STORAGE AND FREEZING
Storage: To store the brownie cupcakes, let them cool completely and then store them in an airtight container at room temperature for up to 3-4 days. If you want to keep them for longer, store them in the refrigerator for up to a week.
Freezing: To freeze the brownie cupcakes, let them cool completely, and then wrap each cupcake individually in plastic wrap or aluminum foil. Then, place the wrapped cupcakes in a freezer-safe container or resealable plastic bag and store them in the freezer for up to 3 months. To thaw, remove the cupcakes from the freezer and let them come to room temperature before unwrapping them. You can also reheat them in the microwave or oven if you prefer them warm.
Can I use a different type of chocolate for this recipe?

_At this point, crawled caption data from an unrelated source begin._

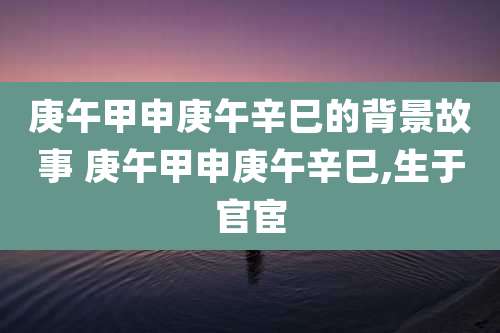 庚午甲申庚午辛巳的背景故事 庚午甲申庚午辛巳,生于官宦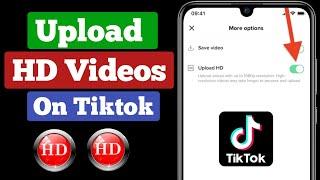 How to Upload HD Video on TikTok Without Lose Quality | How to Upload High Quality Video in TikTok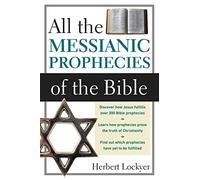 All the Messianic Prophecies of the Bible
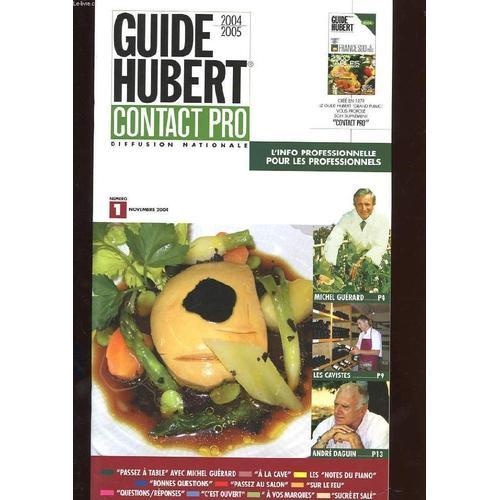 Guide Hubert. Contact Pro. N°1 Avril 2004. Rencontre Savoureuse Ave... on Productcaster.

Yes, you can use other types of chocolate, such as bittersweet or milk chocolate, but keep in mind that it will affect the overall flavor and sweetness of the cupcakes.
Can I add nuts or other mix-ins to the brownie cupcakes?

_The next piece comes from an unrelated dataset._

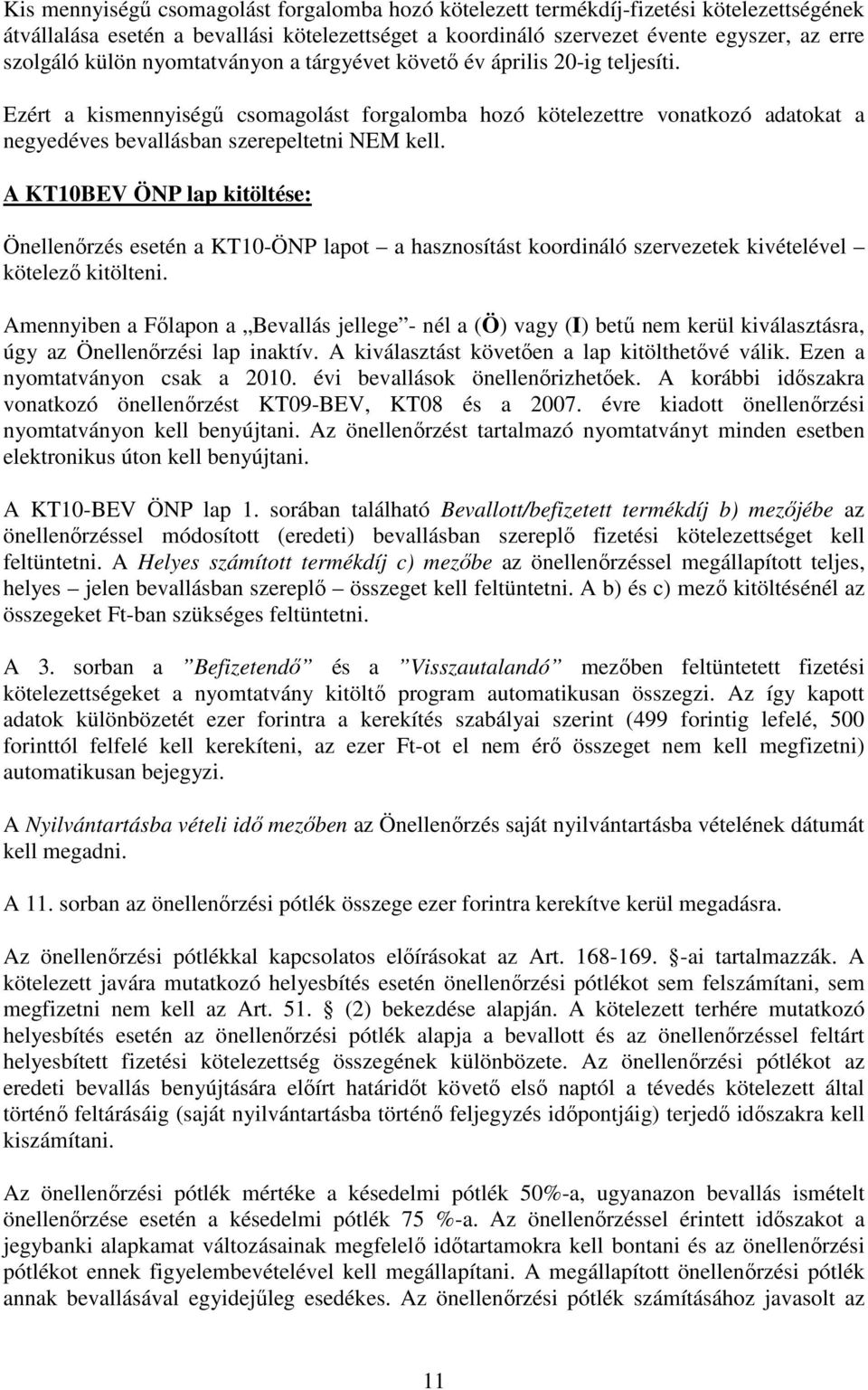 A KT10BEV ÖNP lap kitöltése: Önellenırzés esetén a KT10-ÖNP lapot a hasznosítást koordináló szervezetek kivételével kötelezı kitölteni.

Yes, you can add nuts, chocolate chips, or other mix-ins to the batter to customize the recipe to your liking.
What is the secret to fudgy brownies?
By not using a leavening agent such as baking powder and by using melted chocolate, and plenty of fat (butter), the brownies will be fudgy and dense. Another helpful tip is to take them out of the oven before they appear to be done – they will continue cooking as they cool.
Quick and Fudgy Brownie Cupcakes
- 1 cup butter, unsalted
- 4 oz semi sweet chocolate
- 1 cup white sugar
- 3 eggs, large
- 1 tbsp vanilla extract
- 1 cup all purpose flour
- ¾ cup unsweetened cocoa powder
- ½ tsp kosher salt
- Preheat the oven to 350° F and line a 12 cup muffin tin with muffin liners.

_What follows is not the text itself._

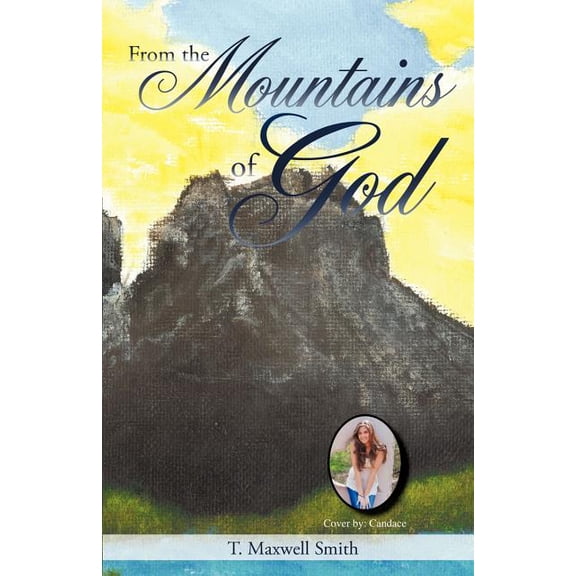 From the Mountains of God, (Paperback)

- In a microwave safe bowl combine the 1 cup butter and 4 oz chocolate. Microwave for 30 seconds at a time stirring in between until the chocolate is completely melted. Up to 90 seconds total. Let the chocolate cool for 5 minutes.
- Add in 1 cup sugar and 3 eggs and whip using a whisk or the whisk attachment on high speed for 2 minutes.
- Switch to a spatula and add in 1 tbsp vanilla and mix until combined. Next add in the 1 cup flour, 3/4 cup cocoa powder, and 1/2 tsp kosher salt. Mix until combined.
- Using an ice cream scoop, scoop the batter into the muffin liners.
- Bake for 18-20 minutes.
- Cool in the pan for 10 minutes then move to a wire rack to cool completely.